**** Source material
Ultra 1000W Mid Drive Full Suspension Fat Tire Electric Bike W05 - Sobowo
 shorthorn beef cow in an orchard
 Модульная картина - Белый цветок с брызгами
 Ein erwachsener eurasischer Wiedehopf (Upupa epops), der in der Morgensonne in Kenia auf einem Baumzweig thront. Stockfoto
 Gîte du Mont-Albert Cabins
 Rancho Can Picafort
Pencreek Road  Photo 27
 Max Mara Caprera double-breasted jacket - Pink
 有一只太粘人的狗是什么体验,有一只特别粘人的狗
********
> Exercise goal:
Your answer should hold exactly the lines from the one containing "Модульная картина - Белый цветок с брызгами" to the last line of the data, both included, and no others.

> Written solution:
 Модульная картина - Белый цветок с брызгами
 Ein erwachsener eurasischer Wiedehopf (Upupa epops), der in der Morgensonne in Kenia auf einem Baumzweig thront. Stockfoto
 Gîte du Mont-Albert Cabins
 Rancho Can Picafort
Pencreek Road  Photo 27
 Max Mara Caprera double-breasted jacket - Pink
 有一只太粘人的狗是什么体验,有一只特别粘人的狗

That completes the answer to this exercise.